**DIRECTIONS:**
Every line of the material below that holds the string "visit" should be copied.

----------

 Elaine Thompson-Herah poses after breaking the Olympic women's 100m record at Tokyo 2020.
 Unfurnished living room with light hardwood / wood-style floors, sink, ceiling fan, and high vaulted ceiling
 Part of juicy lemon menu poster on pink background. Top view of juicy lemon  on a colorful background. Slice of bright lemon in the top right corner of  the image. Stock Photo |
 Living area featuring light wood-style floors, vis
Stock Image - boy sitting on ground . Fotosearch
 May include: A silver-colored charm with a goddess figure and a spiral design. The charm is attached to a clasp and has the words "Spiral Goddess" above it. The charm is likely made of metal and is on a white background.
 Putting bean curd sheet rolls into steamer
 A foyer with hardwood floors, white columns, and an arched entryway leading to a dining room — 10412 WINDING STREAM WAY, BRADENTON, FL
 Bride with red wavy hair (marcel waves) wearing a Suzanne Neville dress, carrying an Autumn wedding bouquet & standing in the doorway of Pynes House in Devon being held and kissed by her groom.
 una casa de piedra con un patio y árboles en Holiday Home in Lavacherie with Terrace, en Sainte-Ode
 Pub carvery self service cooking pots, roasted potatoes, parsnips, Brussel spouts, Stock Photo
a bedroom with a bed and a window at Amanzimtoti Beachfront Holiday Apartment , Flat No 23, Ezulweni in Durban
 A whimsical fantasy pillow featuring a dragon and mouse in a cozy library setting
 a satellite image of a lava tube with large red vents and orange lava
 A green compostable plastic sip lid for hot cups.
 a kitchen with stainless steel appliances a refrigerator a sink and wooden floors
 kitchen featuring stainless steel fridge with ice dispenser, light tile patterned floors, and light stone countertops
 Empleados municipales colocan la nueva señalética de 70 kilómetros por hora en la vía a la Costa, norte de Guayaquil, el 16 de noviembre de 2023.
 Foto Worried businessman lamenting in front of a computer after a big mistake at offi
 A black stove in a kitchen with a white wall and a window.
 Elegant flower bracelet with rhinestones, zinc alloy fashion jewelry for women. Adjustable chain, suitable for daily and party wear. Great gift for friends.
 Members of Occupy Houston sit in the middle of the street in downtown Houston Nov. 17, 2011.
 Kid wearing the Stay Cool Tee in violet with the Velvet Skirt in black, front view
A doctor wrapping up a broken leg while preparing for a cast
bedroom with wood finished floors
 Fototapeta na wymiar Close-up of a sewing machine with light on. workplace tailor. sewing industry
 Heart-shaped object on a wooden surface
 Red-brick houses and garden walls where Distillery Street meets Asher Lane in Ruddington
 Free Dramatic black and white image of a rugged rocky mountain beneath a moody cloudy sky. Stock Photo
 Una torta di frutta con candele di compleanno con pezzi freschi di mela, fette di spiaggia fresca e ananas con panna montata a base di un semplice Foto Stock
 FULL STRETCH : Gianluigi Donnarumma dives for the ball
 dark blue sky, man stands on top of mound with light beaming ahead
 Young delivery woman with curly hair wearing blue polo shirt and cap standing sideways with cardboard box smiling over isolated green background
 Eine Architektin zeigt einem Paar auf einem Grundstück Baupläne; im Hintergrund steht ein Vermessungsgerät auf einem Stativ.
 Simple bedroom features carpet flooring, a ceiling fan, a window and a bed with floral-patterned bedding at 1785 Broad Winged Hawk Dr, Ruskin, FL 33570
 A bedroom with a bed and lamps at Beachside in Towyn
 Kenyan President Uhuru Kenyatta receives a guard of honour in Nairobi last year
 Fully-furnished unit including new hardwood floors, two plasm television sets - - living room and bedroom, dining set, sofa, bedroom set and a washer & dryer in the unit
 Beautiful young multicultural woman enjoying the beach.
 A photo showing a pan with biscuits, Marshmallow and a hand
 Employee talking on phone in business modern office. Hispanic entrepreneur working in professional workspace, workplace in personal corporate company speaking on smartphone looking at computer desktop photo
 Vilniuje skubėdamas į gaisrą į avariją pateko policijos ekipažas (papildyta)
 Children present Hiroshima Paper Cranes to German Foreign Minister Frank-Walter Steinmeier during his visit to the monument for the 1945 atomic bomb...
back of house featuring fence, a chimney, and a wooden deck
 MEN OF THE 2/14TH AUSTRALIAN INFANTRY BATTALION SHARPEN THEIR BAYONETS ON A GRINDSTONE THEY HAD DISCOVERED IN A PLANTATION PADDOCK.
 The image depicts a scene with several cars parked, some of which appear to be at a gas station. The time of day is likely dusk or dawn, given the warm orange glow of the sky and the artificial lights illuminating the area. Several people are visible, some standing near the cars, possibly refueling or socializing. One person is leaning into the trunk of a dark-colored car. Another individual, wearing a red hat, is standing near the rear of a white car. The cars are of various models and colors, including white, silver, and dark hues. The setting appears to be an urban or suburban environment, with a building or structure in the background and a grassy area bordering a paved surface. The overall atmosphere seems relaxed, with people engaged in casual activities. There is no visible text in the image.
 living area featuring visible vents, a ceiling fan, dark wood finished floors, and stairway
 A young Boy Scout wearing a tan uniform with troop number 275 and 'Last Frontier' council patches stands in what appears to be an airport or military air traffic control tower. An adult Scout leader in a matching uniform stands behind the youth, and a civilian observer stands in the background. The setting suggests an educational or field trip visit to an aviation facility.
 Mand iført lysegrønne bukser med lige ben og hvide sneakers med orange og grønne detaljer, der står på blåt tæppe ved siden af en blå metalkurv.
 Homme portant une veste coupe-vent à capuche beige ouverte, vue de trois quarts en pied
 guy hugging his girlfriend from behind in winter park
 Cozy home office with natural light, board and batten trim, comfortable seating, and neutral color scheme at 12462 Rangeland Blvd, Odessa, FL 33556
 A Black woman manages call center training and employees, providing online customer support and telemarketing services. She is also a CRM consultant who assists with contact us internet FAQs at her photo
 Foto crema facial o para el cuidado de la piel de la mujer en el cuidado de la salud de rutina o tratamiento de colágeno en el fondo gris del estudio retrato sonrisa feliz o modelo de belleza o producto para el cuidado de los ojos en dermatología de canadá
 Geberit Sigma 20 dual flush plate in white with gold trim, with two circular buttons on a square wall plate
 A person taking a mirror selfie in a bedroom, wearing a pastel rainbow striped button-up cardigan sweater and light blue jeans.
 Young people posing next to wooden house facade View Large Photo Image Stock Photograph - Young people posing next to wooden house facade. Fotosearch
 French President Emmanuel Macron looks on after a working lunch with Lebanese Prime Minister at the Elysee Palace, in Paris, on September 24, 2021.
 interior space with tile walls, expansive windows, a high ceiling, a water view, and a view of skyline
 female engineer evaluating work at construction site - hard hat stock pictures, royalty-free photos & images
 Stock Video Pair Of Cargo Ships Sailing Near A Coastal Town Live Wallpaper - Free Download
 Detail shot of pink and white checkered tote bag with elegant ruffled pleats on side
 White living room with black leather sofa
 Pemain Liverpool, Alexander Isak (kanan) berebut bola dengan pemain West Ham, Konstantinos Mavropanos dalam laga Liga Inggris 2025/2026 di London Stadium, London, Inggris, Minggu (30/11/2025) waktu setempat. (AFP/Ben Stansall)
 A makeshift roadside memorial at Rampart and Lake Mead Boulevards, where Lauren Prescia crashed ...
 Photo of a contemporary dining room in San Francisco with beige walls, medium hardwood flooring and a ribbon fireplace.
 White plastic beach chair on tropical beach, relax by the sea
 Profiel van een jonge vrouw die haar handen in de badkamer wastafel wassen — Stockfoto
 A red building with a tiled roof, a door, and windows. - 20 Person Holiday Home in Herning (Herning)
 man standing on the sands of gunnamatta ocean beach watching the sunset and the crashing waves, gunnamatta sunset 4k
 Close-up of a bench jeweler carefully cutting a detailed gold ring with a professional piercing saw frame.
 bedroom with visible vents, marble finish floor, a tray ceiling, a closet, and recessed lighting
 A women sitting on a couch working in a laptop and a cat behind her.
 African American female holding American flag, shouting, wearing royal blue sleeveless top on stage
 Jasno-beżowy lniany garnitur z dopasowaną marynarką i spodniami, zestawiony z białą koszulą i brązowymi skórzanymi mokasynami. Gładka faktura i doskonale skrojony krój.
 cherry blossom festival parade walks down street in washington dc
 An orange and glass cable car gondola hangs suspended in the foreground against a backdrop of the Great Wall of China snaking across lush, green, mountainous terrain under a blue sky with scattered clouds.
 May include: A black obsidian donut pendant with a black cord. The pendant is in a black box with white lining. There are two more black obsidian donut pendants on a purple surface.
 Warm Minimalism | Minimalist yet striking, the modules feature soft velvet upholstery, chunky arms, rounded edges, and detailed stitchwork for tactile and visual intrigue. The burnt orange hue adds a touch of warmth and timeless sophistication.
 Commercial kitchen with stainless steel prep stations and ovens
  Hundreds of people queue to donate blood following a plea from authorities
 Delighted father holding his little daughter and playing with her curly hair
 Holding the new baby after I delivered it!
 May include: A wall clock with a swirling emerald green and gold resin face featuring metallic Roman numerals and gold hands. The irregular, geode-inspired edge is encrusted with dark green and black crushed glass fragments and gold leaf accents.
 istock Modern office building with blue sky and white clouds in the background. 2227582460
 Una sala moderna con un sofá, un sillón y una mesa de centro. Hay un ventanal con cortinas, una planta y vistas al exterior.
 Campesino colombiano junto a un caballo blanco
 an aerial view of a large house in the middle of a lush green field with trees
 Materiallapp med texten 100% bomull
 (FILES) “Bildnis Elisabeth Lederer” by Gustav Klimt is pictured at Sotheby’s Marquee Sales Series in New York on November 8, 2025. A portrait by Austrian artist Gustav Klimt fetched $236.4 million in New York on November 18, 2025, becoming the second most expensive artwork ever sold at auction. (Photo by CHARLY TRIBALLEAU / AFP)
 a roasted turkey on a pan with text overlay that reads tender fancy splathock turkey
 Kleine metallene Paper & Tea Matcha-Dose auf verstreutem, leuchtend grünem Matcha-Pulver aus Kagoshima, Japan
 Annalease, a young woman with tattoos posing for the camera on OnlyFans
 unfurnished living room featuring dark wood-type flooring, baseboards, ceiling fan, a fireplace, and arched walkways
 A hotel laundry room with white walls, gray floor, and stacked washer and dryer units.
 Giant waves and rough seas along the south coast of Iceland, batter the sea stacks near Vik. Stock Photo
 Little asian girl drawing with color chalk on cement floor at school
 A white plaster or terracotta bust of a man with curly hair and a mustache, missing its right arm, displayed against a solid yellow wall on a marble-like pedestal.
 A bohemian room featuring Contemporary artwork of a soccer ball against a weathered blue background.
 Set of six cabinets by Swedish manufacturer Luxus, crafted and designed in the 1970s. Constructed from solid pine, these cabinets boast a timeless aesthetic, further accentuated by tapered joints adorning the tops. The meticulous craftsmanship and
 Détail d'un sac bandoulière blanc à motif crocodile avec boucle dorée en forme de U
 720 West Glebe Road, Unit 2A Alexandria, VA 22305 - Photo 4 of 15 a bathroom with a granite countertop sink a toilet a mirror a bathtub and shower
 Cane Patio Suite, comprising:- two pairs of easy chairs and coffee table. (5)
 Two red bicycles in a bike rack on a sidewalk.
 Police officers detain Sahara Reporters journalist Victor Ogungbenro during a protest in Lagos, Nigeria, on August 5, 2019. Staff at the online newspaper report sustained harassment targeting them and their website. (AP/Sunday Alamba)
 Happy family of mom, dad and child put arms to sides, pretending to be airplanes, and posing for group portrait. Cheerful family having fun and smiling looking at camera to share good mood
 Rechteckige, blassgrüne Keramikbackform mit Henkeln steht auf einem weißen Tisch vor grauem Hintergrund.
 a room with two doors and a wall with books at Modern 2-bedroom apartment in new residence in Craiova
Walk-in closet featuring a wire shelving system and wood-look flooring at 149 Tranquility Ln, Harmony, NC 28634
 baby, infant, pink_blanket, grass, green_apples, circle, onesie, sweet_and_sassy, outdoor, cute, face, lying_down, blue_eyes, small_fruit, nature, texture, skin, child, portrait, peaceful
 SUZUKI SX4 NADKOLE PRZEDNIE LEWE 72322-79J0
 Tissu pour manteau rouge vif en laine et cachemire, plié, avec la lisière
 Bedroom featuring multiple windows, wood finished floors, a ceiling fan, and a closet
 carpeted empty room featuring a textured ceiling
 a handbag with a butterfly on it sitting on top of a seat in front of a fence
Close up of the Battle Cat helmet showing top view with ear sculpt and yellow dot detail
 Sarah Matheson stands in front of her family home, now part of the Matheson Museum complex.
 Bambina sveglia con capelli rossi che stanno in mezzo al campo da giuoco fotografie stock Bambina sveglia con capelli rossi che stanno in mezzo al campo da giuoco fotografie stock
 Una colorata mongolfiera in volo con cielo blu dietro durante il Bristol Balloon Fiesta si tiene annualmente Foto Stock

----------

**RESPONSE TO THIS TASK:**
 Children present Hiroshima Paper Cranes to German Foreign Minister Frank-Walter Steinmeier during his visit to the monument for the 1945 atomic bomb...
 A young Boy Scout wearing a tan uniform with troop number 275 and 'Last Frontier' council patches stands in what appears to be an airport or military air traffic control tower. An adult Scout leader in a matching uniform stands behind the youth, and a civilian observer stands in the background. The setting suggests an educational or field trip visit to an aviation facility.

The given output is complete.